■ Exercise requirements: The lines below are to be quoted exactly, from the first through the one that contains "clothes washing area".
Data provided section start
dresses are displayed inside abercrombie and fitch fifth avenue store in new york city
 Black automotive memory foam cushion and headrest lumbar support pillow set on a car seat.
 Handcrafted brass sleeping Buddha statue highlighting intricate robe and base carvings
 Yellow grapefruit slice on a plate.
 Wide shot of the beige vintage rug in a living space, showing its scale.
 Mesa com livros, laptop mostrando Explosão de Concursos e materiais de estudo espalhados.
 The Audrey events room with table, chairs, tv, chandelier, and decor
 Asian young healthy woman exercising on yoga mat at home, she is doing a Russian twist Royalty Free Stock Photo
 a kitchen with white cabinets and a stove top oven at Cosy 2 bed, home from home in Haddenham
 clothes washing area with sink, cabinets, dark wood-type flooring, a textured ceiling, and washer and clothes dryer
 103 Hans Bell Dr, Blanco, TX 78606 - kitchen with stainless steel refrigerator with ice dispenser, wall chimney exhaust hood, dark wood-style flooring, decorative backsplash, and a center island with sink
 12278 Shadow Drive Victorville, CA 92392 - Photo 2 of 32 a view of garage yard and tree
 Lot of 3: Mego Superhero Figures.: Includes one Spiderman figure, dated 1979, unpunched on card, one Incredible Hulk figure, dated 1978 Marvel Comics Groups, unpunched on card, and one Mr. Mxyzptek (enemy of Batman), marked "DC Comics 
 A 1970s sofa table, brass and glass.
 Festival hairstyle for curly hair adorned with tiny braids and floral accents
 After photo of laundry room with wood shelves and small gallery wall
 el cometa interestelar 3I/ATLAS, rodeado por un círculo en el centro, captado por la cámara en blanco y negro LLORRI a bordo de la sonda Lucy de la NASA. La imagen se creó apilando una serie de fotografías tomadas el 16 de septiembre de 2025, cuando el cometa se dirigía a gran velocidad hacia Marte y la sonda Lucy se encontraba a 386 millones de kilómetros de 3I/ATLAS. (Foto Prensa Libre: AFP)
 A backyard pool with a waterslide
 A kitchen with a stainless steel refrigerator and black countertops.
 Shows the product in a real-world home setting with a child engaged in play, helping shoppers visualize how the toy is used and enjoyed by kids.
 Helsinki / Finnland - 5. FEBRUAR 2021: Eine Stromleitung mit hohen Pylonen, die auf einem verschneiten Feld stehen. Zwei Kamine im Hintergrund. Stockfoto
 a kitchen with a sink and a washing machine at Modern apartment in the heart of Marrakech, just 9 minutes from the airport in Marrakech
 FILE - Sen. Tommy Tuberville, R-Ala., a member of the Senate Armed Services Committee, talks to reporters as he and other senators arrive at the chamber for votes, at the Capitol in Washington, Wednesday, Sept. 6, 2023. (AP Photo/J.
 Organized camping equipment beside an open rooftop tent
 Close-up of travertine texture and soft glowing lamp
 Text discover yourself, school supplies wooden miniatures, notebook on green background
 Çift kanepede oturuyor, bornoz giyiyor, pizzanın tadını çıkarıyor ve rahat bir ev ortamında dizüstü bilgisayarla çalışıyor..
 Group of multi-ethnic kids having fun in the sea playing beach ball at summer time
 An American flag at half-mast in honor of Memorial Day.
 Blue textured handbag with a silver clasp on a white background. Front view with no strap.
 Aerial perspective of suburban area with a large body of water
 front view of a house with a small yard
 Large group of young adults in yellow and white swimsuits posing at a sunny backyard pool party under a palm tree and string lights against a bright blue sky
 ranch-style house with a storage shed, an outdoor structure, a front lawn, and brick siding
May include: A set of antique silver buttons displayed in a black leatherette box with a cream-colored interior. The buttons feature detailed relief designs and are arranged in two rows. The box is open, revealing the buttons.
Data provided section end
■ Task solution:
dresses are displayed inside abercrombie and fitch fifth avenue store in new york city
 Black automotive memory foam cushion and headrest lumbar support pillow set on a car seat.
 Handcrafted brass sleeping Buddha statue highlighting intricate robe and base carvings
 Yellow grapefruit slice on a plate.
 Wide shot of the beige vintage rug in a living space, showing its scale.
 Mesa com livros, laptop mostrando Explosão de Concursos e materiais de estudo espalhados.
 The Audrey events room with table, chairs, tv, chandelier, and decor
 Asian young healthy woman exercising on yoga mat at home, she is doing a Russian twist Royalty Free Stock Photo
 a kitchen with white cabinets and a stove top oven at Cosy 2 bed, home from home in Haddenham
 clothes washing area with sink, cabinets, dark wood-type flooring, a textured ceiling, and washer and clothes dryer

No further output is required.